Salmon Mollee - cooking recipe

Ingredients
    2 salmon fillets, cut into strips
    1 teaspoon salt
    1 tablespoon turmeric
    1 onion, finely chopped
    1 -2 small red chile, chopped
    3 cm fresh ginger, grated
    2 garlic cloves, grated
    1 teaspoon ground cardamom or 12 cardamom pods
    1 teaspoon ground cloves
    1 teaspoon garam masala
    1 teaspoon ground cinnamon or 5 cm cinnamon sticks
    50 g butter or 1 tablespoon olive oil
    400 g coconut milk (I use low-fat)
    lemon juice, to taste
    fresh coriander leaves, for garnish
    cooked rice (basmati is best)
Preparation
    Mix the turmeric and salt in a bowl and roll the fish in the mixture.
    Leave to sit while you make the sauce.
    If using cardamom pods or whole cloves, crush to a fine dust.
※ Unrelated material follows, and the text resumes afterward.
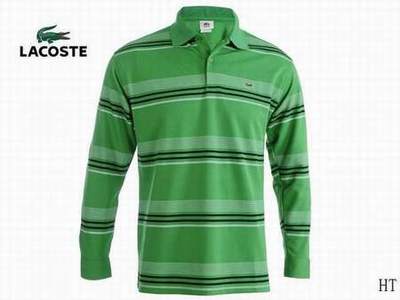 chemise lacoste soldes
    Melt the butter or oil in a frying pan and add onion, garlic, ginger and spices (except cinnamon stick, if using), cooking gently for 2-3 minutes until onion starts to soften.
    Add the coconut milk and cinnamon stick, simmering gently until thick (8-10 minutes).
    Taste and adjust with lemon juice.
    You can let the dish sit for up to 15 minutes at this point if you want to delay dinner a bit.
    Add the fish to the sauce, gently stirring it to loosen the turmeric and cover the fish.
    Cook for 10 minutes over a medium heat or until the salmon is just cooked.
    Garnish with coriander and serve over rice or, if you prefer, very thin, cooked Asian noodles.